:: Exercise materials ::
************

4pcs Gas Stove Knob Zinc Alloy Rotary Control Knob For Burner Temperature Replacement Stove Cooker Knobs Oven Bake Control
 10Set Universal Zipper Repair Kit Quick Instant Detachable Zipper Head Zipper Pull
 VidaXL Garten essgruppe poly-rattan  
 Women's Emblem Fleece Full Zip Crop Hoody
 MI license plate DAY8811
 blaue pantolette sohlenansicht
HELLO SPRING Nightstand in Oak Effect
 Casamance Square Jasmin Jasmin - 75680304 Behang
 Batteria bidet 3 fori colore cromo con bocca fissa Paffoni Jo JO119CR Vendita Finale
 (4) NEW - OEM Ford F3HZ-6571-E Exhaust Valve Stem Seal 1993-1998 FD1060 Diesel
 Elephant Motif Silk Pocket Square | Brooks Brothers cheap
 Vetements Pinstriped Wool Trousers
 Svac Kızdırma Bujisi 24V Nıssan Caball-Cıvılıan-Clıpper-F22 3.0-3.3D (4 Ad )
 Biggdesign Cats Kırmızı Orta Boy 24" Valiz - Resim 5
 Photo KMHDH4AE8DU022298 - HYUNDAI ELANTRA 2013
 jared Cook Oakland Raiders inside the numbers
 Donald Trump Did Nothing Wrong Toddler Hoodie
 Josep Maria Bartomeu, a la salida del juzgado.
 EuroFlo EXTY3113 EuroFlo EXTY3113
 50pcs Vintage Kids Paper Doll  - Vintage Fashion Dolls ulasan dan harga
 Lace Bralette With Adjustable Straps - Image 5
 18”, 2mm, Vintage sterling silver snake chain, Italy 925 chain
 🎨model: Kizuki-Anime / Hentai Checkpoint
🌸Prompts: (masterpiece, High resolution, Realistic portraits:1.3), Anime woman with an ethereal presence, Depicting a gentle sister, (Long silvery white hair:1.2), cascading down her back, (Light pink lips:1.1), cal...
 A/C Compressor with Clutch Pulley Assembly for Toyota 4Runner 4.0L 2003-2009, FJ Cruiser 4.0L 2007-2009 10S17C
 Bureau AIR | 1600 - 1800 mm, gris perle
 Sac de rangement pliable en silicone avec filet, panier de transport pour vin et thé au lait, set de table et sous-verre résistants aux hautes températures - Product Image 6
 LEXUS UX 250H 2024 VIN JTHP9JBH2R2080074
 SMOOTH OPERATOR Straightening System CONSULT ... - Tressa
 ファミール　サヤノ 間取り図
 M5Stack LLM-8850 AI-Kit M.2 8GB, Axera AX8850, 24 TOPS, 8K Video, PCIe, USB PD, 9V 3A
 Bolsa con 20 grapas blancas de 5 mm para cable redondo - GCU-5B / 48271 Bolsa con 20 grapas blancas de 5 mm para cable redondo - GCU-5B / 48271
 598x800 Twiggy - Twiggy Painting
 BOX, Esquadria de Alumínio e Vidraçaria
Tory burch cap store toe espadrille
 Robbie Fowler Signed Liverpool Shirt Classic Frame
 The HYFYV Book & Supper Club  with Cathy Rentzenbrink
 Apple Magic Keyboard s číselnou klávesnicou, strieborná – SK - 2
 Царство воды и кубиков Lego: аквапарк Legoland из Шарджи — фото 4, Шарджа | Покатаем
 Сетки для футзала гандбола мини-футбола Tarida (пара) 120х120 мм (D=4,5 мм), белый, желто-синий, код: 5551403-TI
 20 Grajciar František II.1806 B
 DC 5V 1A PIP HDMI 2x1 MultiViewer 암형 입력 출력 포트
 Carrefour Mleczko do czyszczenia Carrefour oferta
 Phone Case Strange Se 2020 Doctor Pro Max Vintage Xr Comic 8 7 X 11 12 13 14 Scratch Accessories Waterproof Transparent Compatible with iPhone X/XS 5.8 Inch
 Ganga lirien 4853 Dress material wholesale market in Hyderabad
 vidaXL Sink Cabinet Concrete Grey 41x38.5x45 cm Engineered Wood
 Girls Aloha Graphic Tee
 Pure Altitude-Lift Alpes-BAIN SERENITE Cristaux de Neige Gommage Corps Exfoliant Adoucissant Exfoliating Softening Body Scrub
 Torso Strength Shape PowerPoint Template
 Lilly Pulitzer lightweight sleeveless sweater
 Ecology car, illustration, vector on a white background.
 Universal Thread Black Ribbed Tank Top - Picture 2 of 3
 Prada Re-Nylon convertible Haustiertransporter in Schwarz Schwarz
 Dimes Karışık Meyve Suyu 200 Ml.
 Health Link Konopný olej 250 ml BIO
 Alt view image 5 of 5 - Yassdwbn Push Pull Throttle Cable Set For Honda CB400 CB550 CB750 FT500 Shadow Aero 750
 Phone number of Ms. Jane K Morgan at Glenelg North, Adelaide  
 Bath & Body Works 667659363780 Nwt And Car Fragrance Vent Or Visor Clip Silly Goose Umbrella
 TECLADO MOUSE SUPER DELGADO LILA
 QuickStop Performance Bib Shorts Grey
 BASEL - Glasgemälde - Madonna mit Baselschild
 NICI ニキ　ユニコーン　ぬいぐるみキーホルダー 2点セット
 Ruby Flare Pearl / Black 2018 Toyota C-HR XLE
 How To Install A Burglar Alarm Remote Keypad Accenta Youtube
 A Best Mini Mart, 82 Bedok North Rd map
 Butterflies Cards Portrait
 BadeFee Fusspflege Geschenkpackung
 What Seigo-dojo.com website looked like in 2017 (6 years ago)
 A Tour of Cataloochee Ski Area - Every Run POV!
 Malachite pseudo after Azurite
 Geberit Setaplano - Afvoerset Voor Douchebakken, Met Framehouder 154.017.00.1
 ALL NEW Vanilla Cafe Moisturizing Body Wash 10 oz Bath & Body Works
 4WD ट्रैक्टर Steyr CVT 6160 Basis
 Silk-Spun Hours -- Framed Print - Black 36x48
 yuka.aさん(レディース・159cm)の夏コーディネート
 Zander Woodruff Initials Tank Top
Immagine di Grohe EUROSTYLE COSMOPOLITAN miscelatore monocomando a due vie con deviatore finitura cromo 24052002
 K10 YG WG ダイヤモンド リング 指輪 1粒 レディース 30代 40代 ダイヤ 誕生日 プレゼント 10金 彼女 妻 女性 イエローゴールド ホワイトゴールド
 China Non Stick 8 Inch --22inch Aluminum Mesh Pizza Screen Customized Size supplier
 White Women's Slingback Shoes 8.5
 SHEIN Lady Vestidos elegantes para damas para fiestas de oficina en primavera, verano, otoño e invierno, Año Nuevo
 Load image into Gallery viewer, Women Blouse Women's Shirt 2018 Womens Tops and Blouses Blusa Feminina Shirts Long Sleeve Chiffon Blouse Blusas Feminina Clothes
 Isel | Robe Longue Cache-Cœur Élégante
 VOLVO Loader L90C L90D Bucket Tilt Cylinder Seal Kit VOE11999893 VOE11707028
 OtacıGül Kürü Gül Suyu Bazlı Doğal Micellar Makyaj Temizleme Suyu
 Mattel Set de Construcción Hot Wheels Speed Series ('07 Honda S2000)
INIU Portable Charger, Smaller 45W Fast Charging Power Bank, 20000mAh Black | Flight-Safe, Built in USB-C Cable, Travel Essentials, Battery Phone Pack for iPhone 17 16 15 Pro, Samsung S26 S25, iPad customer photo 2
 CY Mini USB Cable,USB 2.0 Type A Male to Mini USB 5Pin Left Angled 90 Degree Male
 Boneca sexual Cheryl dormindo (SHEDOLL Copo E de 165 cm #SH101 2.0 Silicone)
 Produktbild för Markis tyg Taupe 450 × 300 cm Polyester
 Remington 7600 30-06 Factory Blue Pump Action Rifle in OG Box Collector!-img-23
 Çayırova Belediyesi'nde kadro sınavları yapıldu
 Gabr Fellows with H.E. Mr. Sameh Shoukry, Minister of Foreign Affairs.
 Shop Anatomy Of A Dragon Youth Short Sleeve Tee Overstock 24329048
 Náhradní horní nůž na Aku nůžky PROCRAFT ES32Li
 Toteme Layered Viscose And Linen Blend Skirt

************

:: The problem ::
Please show the lines of the material that contain the string "Phone".

:: Exercise output ::
 Phone Case Strange Se 2020 Doctor Pro Max Vintage Xr Comic 8 7 X 11 12 13 14 Scratch Accessories Waterproof Transparent Compatible with iPhone X/XS 5.8 Inch
 Phone number of Ms. Jane K Morgan at Glenelg North, Adelaide  
INIU Portable Charger, Smaller 45W Fast Charging Power Bank, 20000mAh Black | Flight-Safe, Built in USB-C Cable, Travel Essentials, Battery Phone Pack for iPhone 17 16 15 Pro, Samsung S26 S25, iPad customer photo 2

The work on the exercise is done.